Kiir sostiene di aver sventato un golpe, mentre Machar denuncia “una macchinazione per reprimere il processo democratico”. Qualcuno dei due dice la verità? O è solo una lotta per il potere?

“Stabilire con esattezza cosa è accaduto domenica sera nella caserma di Bilpam, a Juba, è difficile. Di certo però i contrasti interni al Movimento popolare di liberazione del Sudan (Splm) si erano aggravati. Kiir e Machar avevano entrambi combattuto contro Khartoum durante la guerra civile ma non erano affatto buoni amici. I contrasti tra di loro erano continui e riguardavano ambiti diversi. A luglio, dopo aver annunciato l’intenzione di candidarsi alle elezioni nel 2015, Machar era stato destituito dall’incarico di vice-presidente e poi anche da quello di membro dell’ufficio politico del partito. E i contrasti politici, in Sud Sudan, si ripercuotono automaticamente nelle Forze armate. All’interno dell’esercito i dirigenti hanno i propri sostenitori. Fino alla settimana scorsa le Forze armate sembravano essere un corpo unitario; ma domenica si è capito che erano divise tra chi appoggiava l’uno e chi appoggiava l’altro”.

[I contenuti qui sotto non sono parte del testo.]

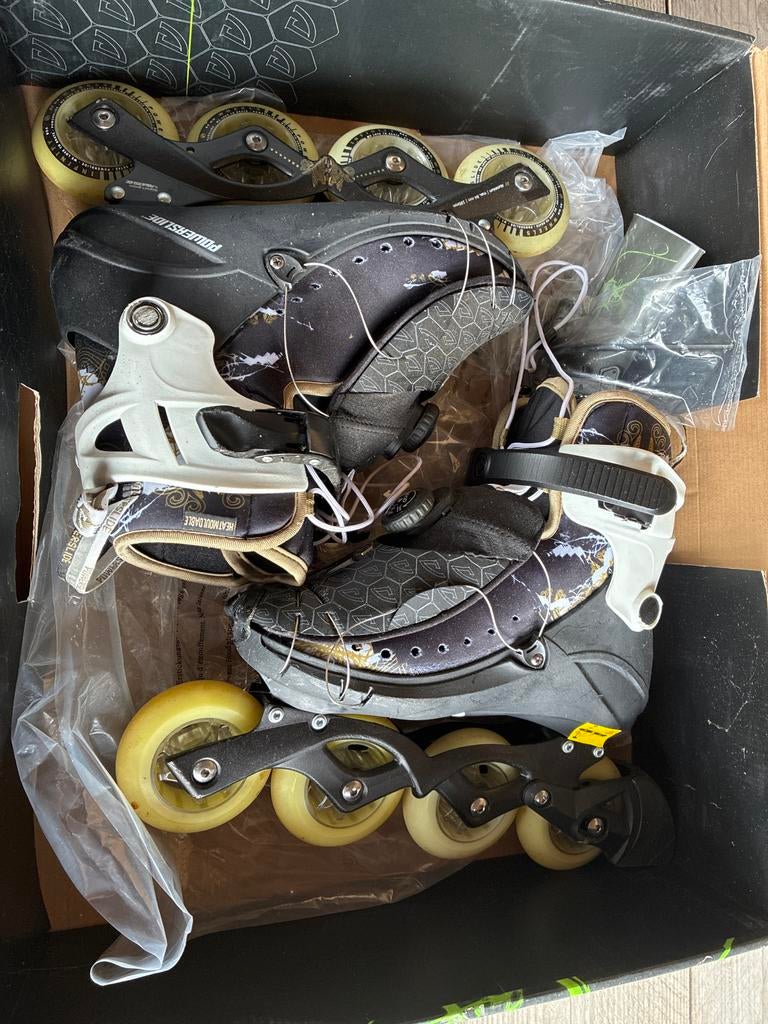 Powerslide D81 Skates maat 40, Ophalen, Kinderen, Zo goed als nieuw, Inline skates 4 wielen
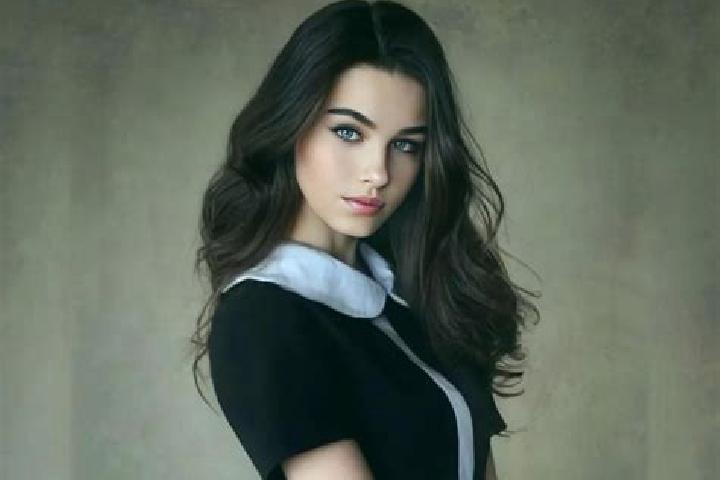 Elizabeth, 24, a red dark-eyed slavic companion based in New Beaver. Offering Duos, GFE, Dinner Date. Available for incall and outcall, day and evening dates.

Esiste il rischio che lo scontro politico-militare inneschi un conflitto tra comunità su ampia scala? Nelle basi dell’Onu a Juba si sarebbero rifugiati soprattutto Nuer, appartenenti allo stesso gruppo di Machar…

“Tutti sanno che l’affiliazione etnica è un elemento chiave in Sud Sudan. Questo è vero da sempre e certo lo è stato durante la guerra civile. I politici, di qualunque parte, hanno regolarmente strumentalizzato il discorso etnico per raggiungere i propri obiettivi. Oggi potrebbe succedere lo stesso. Il problema è come impedire che questo accada, che la situazione sfugga da ogni controllo e si inneschi un ciclo di rappresaglie”.

Cosa può fare la comunità internazionale?

“Gli amici del Sud Sudan dovrebbero persuadere Kiir e Machar a fermarsi. La Cina può fare leva sulla sua crescente influenza economica, gli Stati Uniti sui loro tradizionali legami con il governo. Entrambi dovrebbero premere sui dirigenti perché il conflitto sia risolto attraverso una trattativa e non con la violenza”.

- (Global). DALLE FILIPPINE ALLA SOMALIA GIORNALISTI A RISCHIO

Sono Siria, Somalia e Pakistan i paesi più pericolosi al mondo per i giornalisti: lo sostiene l’organizzazione non governativa Reporters sans frontières (Rsf), in un rapporto diffuso oggi nel quale si evidenzia come anche il 2013 sia stato un anno difficile per l’esercizio della professione.

Secondo Rsf, rispetto al 2012 quest’anno il numero dei cronisti uccisi è diminuito di circa il 20%, passando da 88 a 71. Nella classifica dei paesi più a rischio India e Filippine hanno preso il posto di Messico e Brasile dietro Siria, Somalia e Pakistan.

A suscitare allarme, d’altra parte, è anche un forte aumento del numero dei rapimenti. In un anno si è passati da 38 a 87 casi. Gran parte dei sequestri è avvenuta in Medio Oriente e in Nord Africa (71) o nell’area sub-sahariana (11). I paesi più a rischio da questo punto di vista sono Siria (49) e Libia (14).

Nel rapporto si ricorda come ad oggi i giornalisti in carcere siano 178. Molti di loro sono detenuti in Cina, Eritrea, Turchia, Iran e Siria, i paesi identificati come più repressivi.